Three patterns surfaced across both audits:

1. **ADRs without runtime adoption** (mt#1570, mt#1571). Design shipped, no consumer wiring. ADR-007 (CognitionProvider) and ADR-008 (attention-allocation) are both in this state — design DONE, implementation children unstarted. The gap is invisible because existing AI features call `AICompletionService` directly with no flag indicating non-compliance with ADR-007.

2. **Skills/workflow without structural enforcement** (mt#1563, mt#1564, mt#1565). Each represents a checklist-driven discipline that lives in a memory file but was never baked into a hook or skill step. Auto-mode skill chaining (mt#1478), TOCTOU enumeration (mt#1523), session-liveness probe (mt#1506) all firing routinely with no structural enforcement.

3. **Long-stalled cross-system clusters** (mt#1503). Interdependent tasks where individual filings hide the collective stall. mt#1503 was filed as a MegaParent rollup but was prematurely marked DONE while its 7 children remained TODO/PLANNING — the failure mode the rollup itself was meant to prevent. Reopened 2026-05-07.

## Anchor case verdict

**mt#1035 (System 3\* detector design) — gap closed.** The implementation children (Surface 1: policy-coverage detector → mt#1541; Surface 4: post-mortem analyzer → mt#1543) were not filed for ~9 days after mt#1035 went DONE. During that window, the effective workaround was manual user correction via memory entries every time the agent made unasked preference-bound decisions — the exact failure mode Surface 1 was designed to prevent. mt#1541 + mt#1543 were filed 2026-05-01 during the mt#1508 plan-task investigation. Both currently TODO/PLANNING but no longer invisible on the roadmap.

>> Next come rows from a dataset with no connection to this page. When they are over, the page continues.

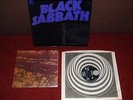 BLACK SABBATH Master Of Reality LP 1971 VERTIGO 1st + POSTER  EARLIEST EVER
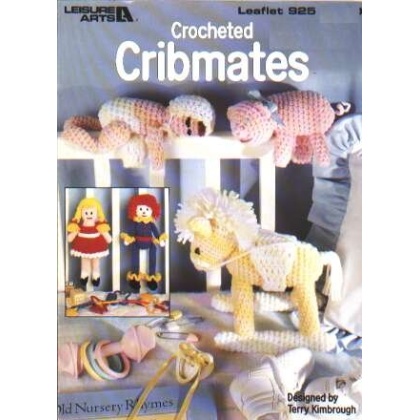 Crocheted cribmates to knit and crochet 925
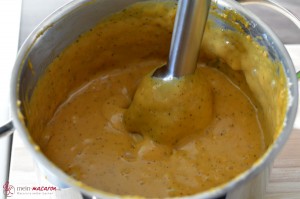 Orangen-Ingwer-Creme mit Earl Grey
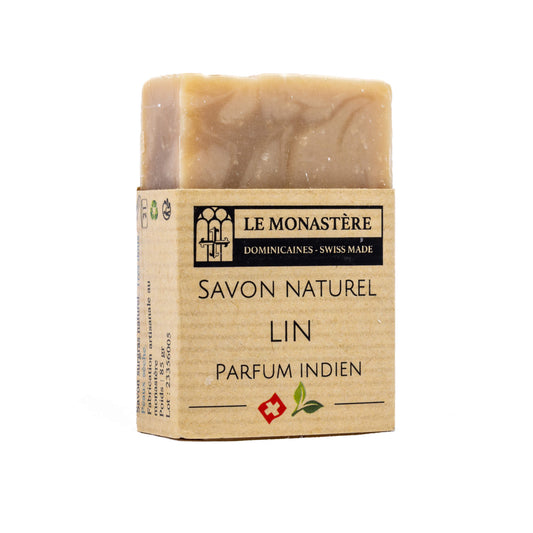 Savon naturel lin - produit monastique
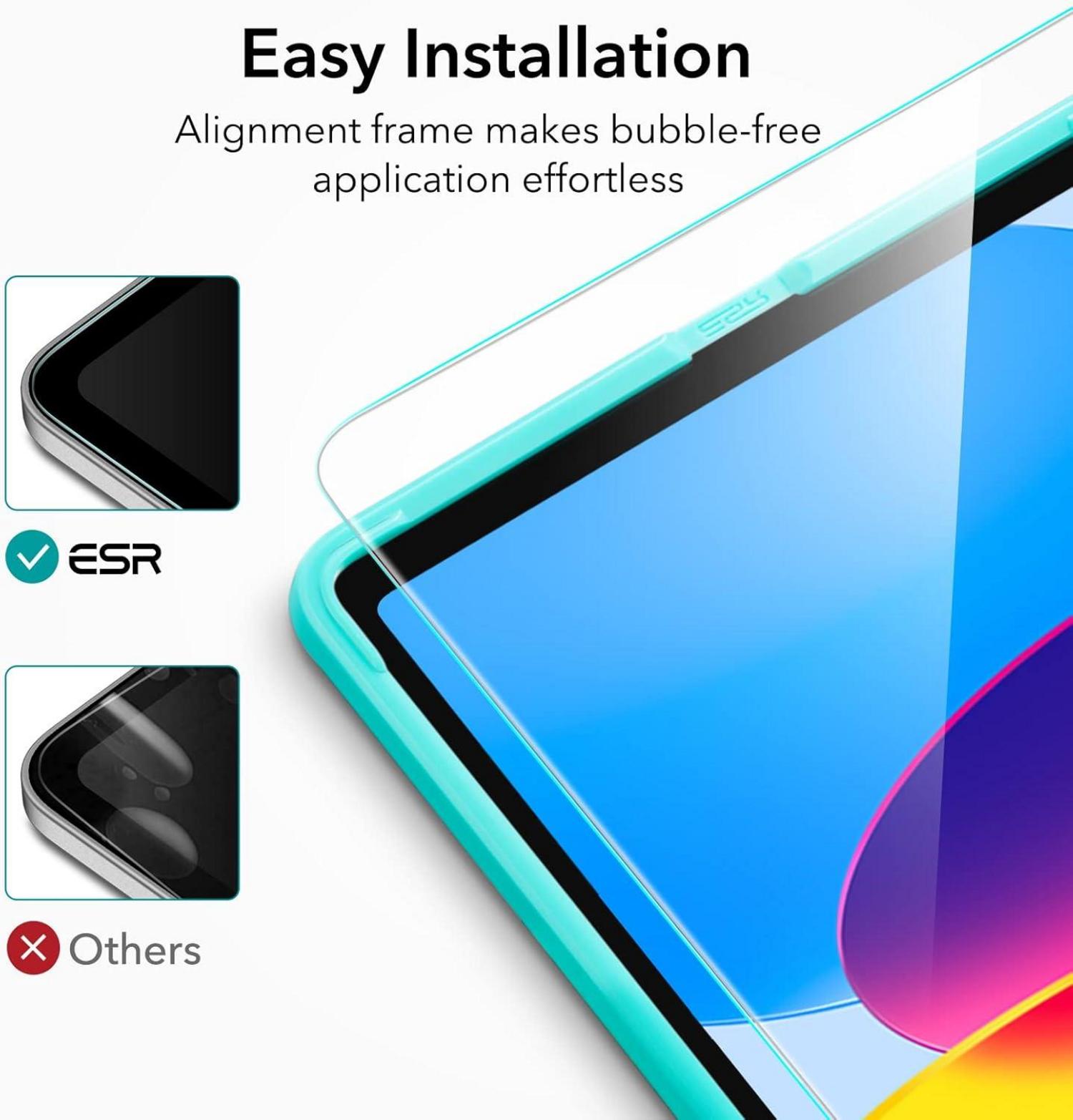 Schutzfolie für iPad 10 Generation 2022, 2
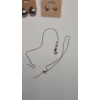 Image 8 : Sterling Silver Earrings & Necklaces - One Is Damaged- Total Weight: 8.4g
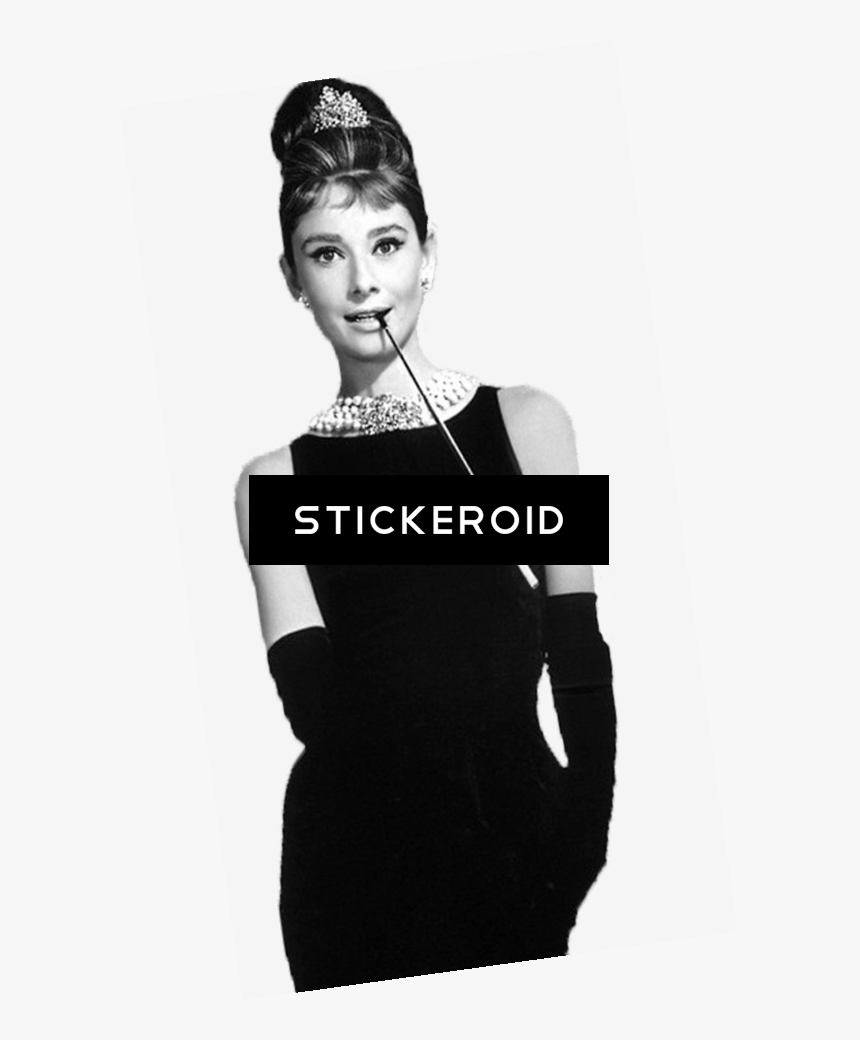 Audrey Hepburn Standing - Photo Shoot, HD Png Download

## Structural-process retrospective

The load-bearing question of mt#1505: _what process or system component would make this kind of review structural so the user doesn't have to ask for it?_

### Mechanism comparison

| # | Mechanism | Build cost | Signal quality | Coverage | Orthogonal to mt#1034? |
| ----- | ------------------------------------------------------------------------------------------------------------------------------ | ----------------------------- | ------------------------- | ----------------------- | ---------------------- |
| 1 | Scheduled cron audit (`/schedule` re-run mt#1539+1540) | Low | Medium | Full | Yes (bridge) |
| 2 | MCP tool for aggregate workaround-citation counts | Medium | High | Shape A only | Yes |
| 3 | Hook on memory write (require budget+task on new workaround) | Low | High | New workarounds only | Yes (prevention) |
| 4 | Hook on bypass invocation (counter + warning) | Medium | High | One workaround per hook | Yes |
| 5 | System 3\* noticer (mt#1541 + mt#1543 implementations) | High | High | Full | downstream of mt#1034 |
| 6 | Cockpit widget on operator dashboard | Low (depends on backing data) | Depends | Visualization layer | Compatible |
| **7** | **Parent-rollup-completion check** (hook on `tasks_status_set`: target=DONE + has children → require all children DONE/CLOSED) | Low | Very high (deterministic) | Different failure mode | Yes |
| 8 | Audit-already-running pre-check (subagent-dispatch guard) | Low | High | Different failure mode | likely subsumed by #7 |

Mechanisms #7 and #8 were surfaced during this synthesis session, not in the original mt#1505 spec. Both came from observed failure modes:

- **#7** named explicitly in mt#1503's reopening note as needed-but-unfiled — fresh evidence (mt#1503 DONE while 0/7 children DONE).
- **#8** surfaced from this session itself: a subagent investigation ran 2026-05-04 producing a cluster table that was 90% obsolete by 2026-05-08 because the real audits (mt#1539, mt#1540) ran in parallel without the subagent knowing.

### Recommendation

**Ship #7 first, ship #1 as a bridge.**

- **#7 (parent-rollup-completion check)** — filed as mt#1684. Deterministic (no false positives, children-status is ground truth). Cheap (similar pattern to existing PreToolUse hooks: `parallel-work-guard.ts`, `check-branch-fresh.ts`, `block-subagent-bypass-merge.ts`). Catches a specific failure mode with fresh evidence. Orthogonal to mt#1541/mt#1543 (those handle workaround pattern; this handles rollup pattern).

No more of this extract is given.